[Web page caption snippets]
○ ○ ○
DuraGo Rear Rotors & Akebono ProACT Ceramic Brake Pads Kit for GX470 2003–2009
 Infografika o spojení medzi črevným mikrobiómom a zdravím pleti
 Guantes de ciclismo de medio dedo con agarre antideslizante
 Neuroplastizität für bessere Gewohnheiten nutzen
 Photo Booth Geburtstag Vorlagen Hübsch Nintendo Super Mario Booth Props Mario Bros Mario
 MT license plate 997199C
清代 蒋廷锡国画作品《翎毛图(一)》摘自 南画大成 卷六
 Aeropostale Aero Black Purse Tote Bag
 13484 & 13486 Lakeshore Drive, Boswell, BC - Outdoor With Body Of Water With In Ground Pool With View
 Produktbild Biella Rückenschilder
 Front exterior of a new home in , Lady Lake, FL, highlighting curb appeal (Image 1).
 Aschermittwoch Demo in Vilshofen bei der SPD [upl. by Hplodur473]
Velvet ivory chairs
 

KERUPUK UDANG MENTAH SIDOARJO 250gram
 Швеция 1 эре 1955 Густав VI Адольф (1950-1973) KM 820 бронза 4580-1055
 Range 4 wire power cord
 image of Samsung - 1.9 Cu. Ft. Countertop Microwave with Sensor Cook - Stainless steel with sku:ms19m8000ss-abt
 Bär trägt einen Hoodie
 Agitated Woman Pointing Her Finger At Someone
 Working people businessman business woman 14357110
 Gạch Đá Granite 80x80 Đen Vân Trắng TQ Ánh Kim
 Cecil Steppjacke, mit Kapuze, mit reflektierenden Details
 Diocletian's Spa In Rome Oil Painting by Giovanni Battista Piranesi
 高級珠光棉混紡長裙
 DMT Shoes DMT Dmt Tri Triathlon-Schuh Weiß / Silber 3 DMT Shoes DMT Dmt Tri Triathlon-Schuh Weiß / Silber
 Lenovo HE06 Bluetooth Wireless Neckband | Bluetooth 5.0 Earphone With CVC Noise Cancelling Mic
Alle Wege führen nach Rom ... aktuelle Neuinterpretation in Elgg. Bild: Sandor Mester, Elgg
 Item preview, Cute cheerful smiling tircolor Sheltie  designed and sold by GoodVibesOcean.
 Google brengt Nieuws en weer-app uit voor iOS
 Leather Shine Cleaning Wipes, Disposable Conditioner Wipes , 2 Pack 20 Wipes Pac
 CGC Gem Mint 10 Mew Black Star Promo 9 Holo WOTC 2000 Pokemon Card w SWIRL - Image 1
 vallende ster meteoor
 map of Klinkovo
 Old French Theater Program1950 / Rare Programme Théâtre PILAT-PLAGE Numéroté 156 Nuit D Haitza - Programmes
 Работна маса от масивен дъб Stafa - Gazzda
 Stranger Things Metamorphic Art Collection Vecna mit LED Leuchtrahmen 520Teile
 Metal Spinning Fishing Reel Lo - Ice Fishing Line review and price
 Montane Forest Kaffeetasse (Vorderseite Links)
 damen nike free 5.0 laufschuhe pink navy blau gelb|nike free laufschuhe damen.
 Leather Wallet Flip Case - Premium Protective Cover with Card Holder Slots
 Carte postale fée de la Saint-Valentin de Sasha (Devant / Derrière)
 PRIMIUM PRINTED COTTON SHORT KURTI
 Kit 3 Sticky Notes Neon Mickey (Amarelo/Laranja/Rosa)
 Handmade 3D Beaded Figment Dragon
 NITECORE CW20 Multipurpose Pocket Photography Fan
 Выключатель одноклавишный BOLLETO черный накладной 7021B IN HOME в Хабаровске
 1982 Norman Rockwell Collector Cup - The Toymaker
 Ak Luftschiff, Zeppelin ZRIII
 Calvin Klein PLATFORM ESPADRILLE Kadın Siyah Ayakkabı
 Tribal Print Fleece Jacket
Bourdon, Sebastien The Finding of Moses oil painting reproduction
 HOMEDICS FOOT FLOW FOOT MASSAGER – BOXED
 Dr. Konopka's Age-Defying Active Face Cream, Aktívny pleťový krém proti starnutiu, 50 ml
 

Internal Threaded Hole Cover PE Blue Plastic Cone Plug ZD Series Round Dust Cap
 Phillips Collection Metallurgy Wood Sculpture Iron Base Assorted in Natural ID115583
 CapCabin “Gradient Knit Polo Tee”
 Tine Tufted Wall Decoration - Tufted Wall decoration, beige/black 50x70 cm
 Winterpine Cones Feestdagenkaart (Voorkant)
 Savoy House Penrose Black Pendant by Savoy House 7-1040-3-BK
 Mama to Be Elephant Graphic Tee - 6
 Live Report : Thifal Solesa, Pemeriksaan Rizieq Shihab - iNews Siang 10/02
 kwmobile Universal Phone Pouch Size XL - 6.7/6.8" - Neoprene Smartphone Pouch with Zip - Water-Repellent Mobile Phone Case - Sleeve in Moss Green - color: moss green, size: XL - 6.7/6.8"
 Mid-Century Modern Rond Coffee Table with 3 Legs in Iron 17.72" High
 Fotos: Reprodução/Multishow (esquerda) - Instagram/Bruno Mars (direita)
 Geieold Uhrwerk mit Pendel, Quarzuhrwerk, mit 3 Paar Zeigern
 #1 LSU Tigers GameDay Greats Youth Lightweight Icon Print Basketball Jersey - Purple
○ ○ ○
> Assignment:
The response should be every record above restated exactly.

> Written answer:
DuraGo Rear Rotors & Akebono ProACT Ceramic Brake Pads Kit for GX470 2003–2009
 Infografika o spojení medzi črevným mikrobiómom a zdravím pleti
 Guantes de ciclismo de medio dedo con agarre antideslizante
 Neuroplastizität für bessere Gewohnheiten nutzen
 Photo Booth Geburtstag Vorlagen Hübsch Nintendo Super Mario Booth Props Mario Bros Mario
 MT license plate 997199C
清代 蒋廷锡国画作品《翎毛图(一)》摘自 南画大成 卷六
 Aeropostale Aero Black Purse Tote Bag
 13484 & 13486 Lakeshore Drive, Boswell, BC - Outdoor With Body Of Water With In Ground Pool With View
 Produktbild Biella Rückenschilder
 Front exterior of a new home in , Lady Lake, FL, highlighting curb appeal (Image 1).
 Aschermittwoch Demo in Vilshofen bei der SPD [upl. by Hplodur473]
Velvet ivory chairs
 

KERUPUK UDANG MENTAH SIDOARJO 250gram
 Швеция 1 эре 1955 Густав VI Адольф (1950-1973) KM 820 бронза 4580-1055
 Range 4 wire power cord
 image of Samsung - 1.9 Cu. Ft. Countertop Microwave with Sensor Cook - Stainless steel with sku:ms19m8000ss-abt
 Bär trägt einen Hoodie
 Agitated Woman Pointing Her Finger At Someone
 Working people businessman business woman 14357110
 Gạch Đá Granite 80x80 Đen Vân Trắng TQ Ánh Kim
 Cecil Steppjacke, mit Kapuze, mit reflektierenden Details
 Diocletian's Spa In Rome Oil Painting by Giovanni Battista Piranesi
 高級珠光棉混紡長裙
 DMT Shoes DMT Dmt Tri Triathlon-Schuh Weiß / Silber 3 DMT Shoes DMT Dmt Tri Triathlon-Schuh Weiß / Silber
 Lenovo HE06 Bluetooth Wireless Neckband | Bluetooth 5.0 Earphone With CVC Noise Cancelling Mic
Alle Wege führen nach Rom ... aktuelle Neuinterpretation in Elgg. Bild: Sandor Mester, Elgg
 Item preview, Cute cheerful smiling tircolor Sheltie  designed and sold by GoodVibesOcean.
 Google brengt Nieuws en weer-app uit voor iOS
 Leather Shine Cleaning Wipes, Disposable Conditioner Wipes , 2 Pack 20 Wipes Pac
 CGC Gem Mint 10 Mew Black Star Promo 9 Holo WOTC 2000 Pokemon Card w SWIRL - Image 1
 vallende ster meteoor
 map of Klinkovo
 Old French Theater Program1950 / Rare Programme Théâtre PILAT-PLAGE Numéroté 156 Nuit D Haitza - Programmes
 Работна маса от масивен дъб Stafa - Gazzda
 Stranger Things Metamorphic Art Collection Vecna mit LED Leuchtrahmen 520Teile
 Metal Spinning Fishing Reel Lo - Ice Fishing Line review and price
 Montane Forest Kaffeetasse (Vorderseite Links)
 damen nike free 5.0 laufschuhe pink navy blau gelb|nike free laufschuhe damen.
 Leather Wallet Flip Case - Premium Protective Cover with Card Holder Slots
 Carte postale fée de la Saint-Valentin de Sasha (Devant / Derrière)
 PRIMIUM PRINTED COTTON SHORT KURTI
 Kit 3 Sticky Notes Neon Mickey (Amarelo/Laranja/Rosa)
 Handmade 3D Beaded Figment Dragon
 NITECORE CW20 Multipurpose Pocket Photography Fan
 Выключатель одноклавишный BOLLETO черный накладной 7021B IN HOME в Хабаровске
 1982 Norman Rockwell Collector Cup - The Toymaker
 Ak Luftschiff, Zeppelin ZRIII
 Calvin Klein PLATFORM ESPADRILLE Kadın Siyah Ayakkabı
 Tribal Print Fleece Jacket
Bourdon, Sebastien The Finding of Moses oil painting reproduction
 HOMEDICS FOOT FLOW FOOT MASSAGER – BOXED
 Dr. Konopka's Age-Defying Active Face Cream, Aktívny pleťový krém proti starnutiu, 50 ml
 

Internal Threaded Hole Cover PE Blue Plastic Cone Plug ZD Series Round Dust Cap
 Phillips Collection Metallurgy Wood Sculpture Iron Base Assorted in Natural ID115583
 CapCabin “Gradient Knit Polo Tee”
 Tine Tufted Wall Decoration - Tufted Wall decoration, beige/black 50x70 cm
 Winterpine Cones Feestdagenkaart (Voorkant)
 Savoy House Penrose Black Pendant by Savoy House 7-1040-3-BK
 Mama to Be Elephant Graphic Tee - 6
 Live Report : Thifal Solesa, Pemeriksaan Rizieq Shihab - iNews Siang 10/02
 kwmobile Universal Phone Pouch Size XL - 6.7/6.8" - Neoprene Smartphone Pouch with Zip - Water-Repellent Mobile Phone Case - Sleeve in Moss Green - color: moss green, size: XL - 6.7/6.8"
 Mid-Century Modern Rond Coffee Table with 3 Legs in Iron 17.72" High
 Fotos: Reprodução/Multishow (esquerda) - Instagram/Bruno Mars (direita)
 Geieold Uhrwerk mit Pendel, Quarzuhrwerk, mit 3 Paar Zeigern
 #1 LSU Tigers GameDay Greats Youth Lightweight Icon Print Basketball Jersey - Purple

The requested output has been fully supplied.